Jessica Rosenworcel won’t be coming back to the Federal Communications Commission next year. Not unless she’s renominated by either president Obama or Trump and the U.S. senate concurs. Or the senate takes the highly unusual step of returning to work during the holiday break. Senators wrapped up business for the year in the wee hours this morning, leaving a stack of unfinished business, including confirmation of a new term on the FCC for Rosenworcel.
It didn’t have to be this way. Rosenworcel occupied a seat on the FCC reserved for democrats and the republican majority in the senate would have been perfectly happy to confirm her. If.
If FCC chairman Tom Wheeler resigned, leaving the way clear for the incoming Trump administration to install a republican majority, in keeping with the usual rules of the Beltway game.
Wheeler refused to do that. Earlier this week, in an amazingly disingenuous declaration – even by Washington, D.C. standards – Wheeler reportedly said he was “willing to step down immediately if it would ensure Commissioner Rosenworcel’s confirmation”.

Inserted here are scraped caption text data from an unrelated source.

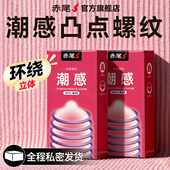 赤尾官方正品 螺纹狼牙颗粒避孕安全套性兽带刺激阴蒂夫妻情趣超薄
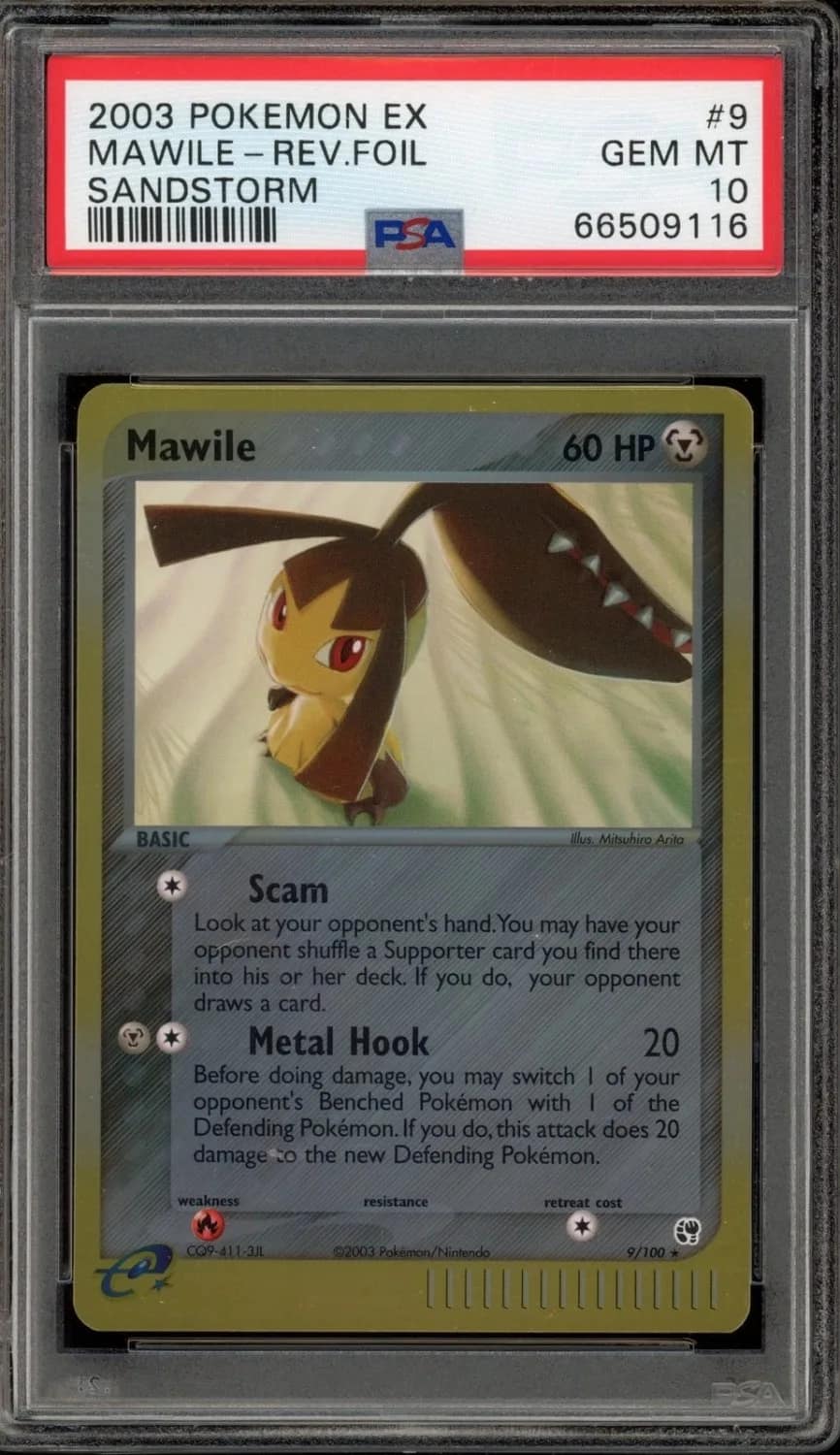 Mawile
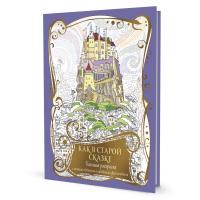 ��������� � ���������. ��� � ������ ������ (���������� � ������), ISBN 978-5-00141-793-4, ��.20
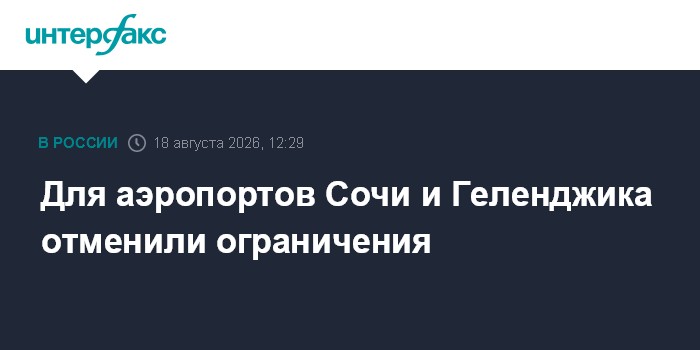 Для аэропортов Сочи и Геленджика отменили ограничения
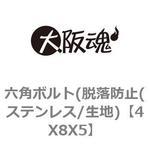 六角ボルト(脱落防止(ステンレス/生地) 大阪魂
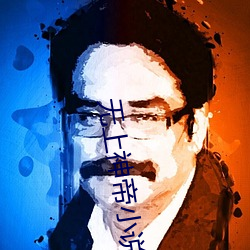 无上神帝小说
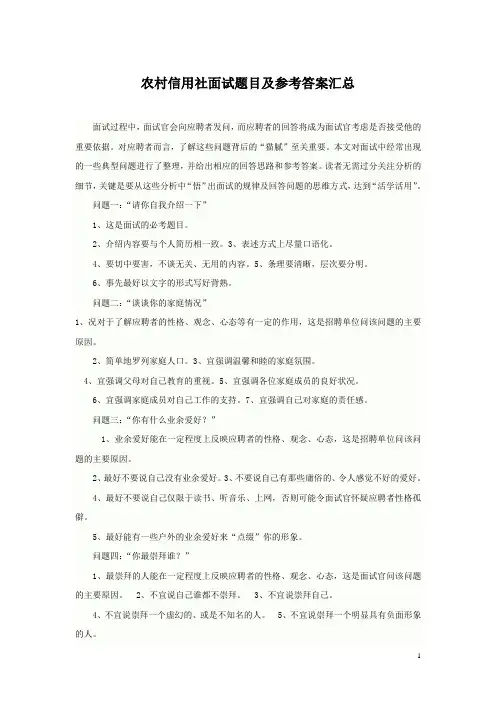 农村信用社面试题目及参考答案汇总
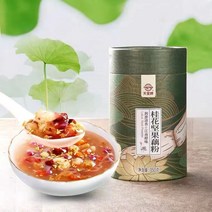 틱톡차이나 아침대용식 영양 견과연근분말 350g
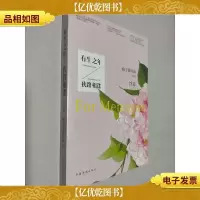 有生之年,狭路相逢:终章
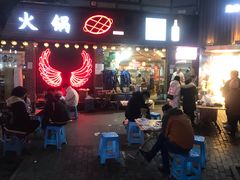 -梁憨包(南岸回龙湾店)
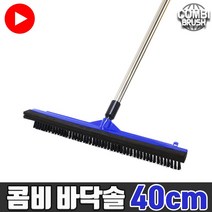 월드그린 콤비바닥솔40cm+스텐자루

Where has he been? Rosenworcel’s confirmation has been tied to Wheeler’s resignation – standard operating procedure for an FCC chair during a change of administration – for the past year. It was an explicit condition the day before election day, and the day after election day it was baked into concrete. Wheeler’s egocentric refusal to bow to reality cost the FCC the services of a vanishingly rare species: a thinking commissioner.
As it stands, the FCC will begin the new year deadlocked with two republicans and two democrats. If – let’s face it, when – Wheeler throws it in, it’ll be a 2 to 1 republican majority and the way will be clear for two more commissioners, one republican and one democrat, to be nominated and confirmed. That democrat could be Jessica Rosenworcel, but in a new year with thousands of unemployed apparatchiks from the outgoing administration looking for a new gig, that’s not the way to bet.